1. White Balance - ALWAYS leave your camera set on Auto White Balance. It works well nearly all the time, AND it avoids the problem of forgetting to change the setting when the lighting situation changes. The rare off-color image is easy to fix with image optimization software like Lightroom.
2. Deleting Images - NEVER Delete or Trash images from your memory card when you are out shooting. Instead, leave everything you've shot on the card, download all images onto your computer when you return home, and then delete the images you wish to discard from the computer. When you are ready to go out shooting again, format the memory card in your camera. That will clear all images from the card. Why this method? Memory cards are designed to be a one-way street. Images enter the card and are then processed. When you use your camera to delete or trash an image, you are asking the card to essentially go "in reverse" which can damage the card's functions over time.
3. Cable Release Substitute - To minimize camera vibration when shooting long exposures on a tripod, use your camera's 2-second delay shutter function if you don't have a cable release or remote shutter trigger. The delay will allow the camera to settle down after you have pressed the Shutter Button.
4. Back Button Focus - Without question, this is the most foolproof way to get sharp images AND improve battery life. Most cameras have a Custom Function setting allowing you to remove the autofocus function from the Shutter Button and move it to a button on the back of the camera.
5. Camera View Screen - Don't be fooled into thinking that if an image looks good on the view screen, the exposure is adequate. Only the Histogram can give you that information. The view screen can be lightened or darkened for ease of viewing and is not an indication of proper exposure.

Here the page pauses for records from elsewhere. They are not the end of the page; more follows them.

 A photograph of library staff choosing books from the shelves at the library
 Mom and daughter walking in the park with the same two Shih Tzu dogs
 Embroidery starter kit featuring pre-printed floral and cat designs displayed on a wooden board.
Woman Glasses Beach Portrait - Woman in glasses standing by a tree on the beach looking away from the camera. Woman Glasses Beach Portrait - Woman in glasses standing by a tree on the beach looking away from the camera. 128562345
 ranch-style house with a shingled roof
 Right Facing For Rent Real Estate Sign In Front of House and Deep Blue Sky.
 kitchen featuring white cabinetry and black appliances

6. Look For The Light - Train yourself to see the quality of light and its direction. Learn to recognize hard light with strong shadows, and soft light with gentle gradations. Determine where the light is coming from - front, side, or back. The more you know, the better your pictures will be.
7. Sunrise / Sunset - For beautiful, rich sky colors, the best time to shoot is when the sun is below the horizon, usually 20 to 30 minutes before sunrise or after sunset. Arrive early and stay late to watch the sky change minute by minute, and shoot all the changes.

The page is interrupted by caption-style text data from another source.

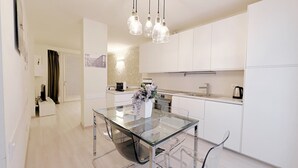 Una cocina moderna con armarios blancos, una mesa de comedor de vidrio y luces colgantes.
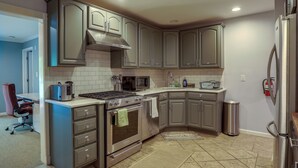 Une cuisine avec des meubles de couleur grise, une cuisinière en acier inoxydable, un four à micro-ondes et une poubelle.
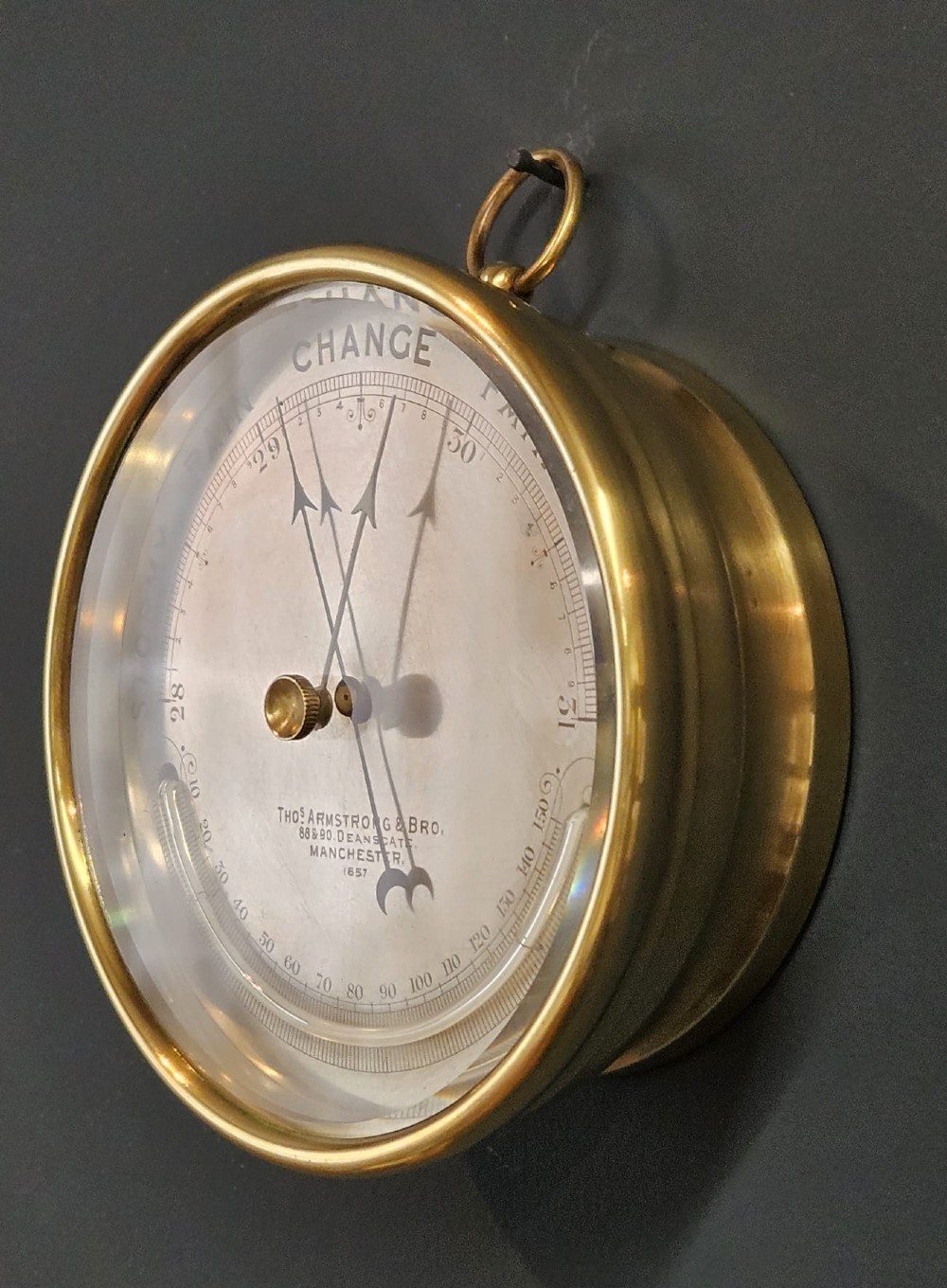 A circular Victorian brass aneroid barometer featuring an engraved silvered dial with weather scale, integrated thermometer, and a top suspension ring. View V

8. Be A Stalker - When you can, walk all around the subject to find the best light direction and the best shooting angles. Try different lighting directions, and use a combination of high angles and low ones. Often you won't know what will work best until you view it on your computer screen at the end of the day, so shoot all you can.

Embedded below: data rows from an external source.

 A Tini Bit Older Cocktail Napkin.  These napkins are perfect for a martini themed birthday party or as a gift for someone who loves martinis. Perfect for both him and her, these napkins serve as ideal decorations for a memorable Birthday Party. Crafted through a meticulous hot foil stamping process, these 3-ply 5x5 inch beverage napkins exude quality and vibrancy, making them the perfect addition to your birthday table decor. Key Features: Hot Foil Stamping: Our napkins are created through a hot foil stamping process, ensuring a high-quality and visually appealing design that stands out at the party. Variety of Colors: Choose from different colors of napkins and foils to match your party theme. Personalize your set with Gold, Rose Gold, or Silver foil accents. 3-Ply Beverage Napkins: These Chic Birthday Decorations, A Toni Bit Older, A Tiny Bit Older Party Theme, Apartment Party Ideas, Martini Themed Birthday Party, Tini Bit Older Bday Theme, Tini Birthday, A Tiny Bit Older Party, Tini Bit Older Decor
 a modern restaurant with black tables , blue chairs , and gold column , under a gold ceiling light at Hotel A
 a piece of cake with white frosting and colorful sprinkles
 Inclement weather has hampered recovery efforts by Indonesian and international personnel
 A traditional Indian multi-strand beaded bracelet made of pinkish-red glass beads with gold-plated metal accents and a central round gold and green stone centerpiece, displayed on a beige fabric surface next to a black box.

9. Walk To Your Own Beat - Try to tap into your own creativity, rather than copying what you have seen others do. Find what moves you, photograph what excites you. While there will be many rejects, know that all pros reject a majority of what they shoot. So don't expect each image to be a winner. But rejoice in the ones that sing.
10. Travel Light - Nothing kills the creative spark more than struggling with heavy and unwieldy camera gear. Try not to carry every lens and accessory you own when you are out shooting. Carry only what you need for the outing in a camera bag or backpack that you can access easily, and that is not too heavy. You want to be free to create, and not be struggling with a huge bag and an overabundance of gear.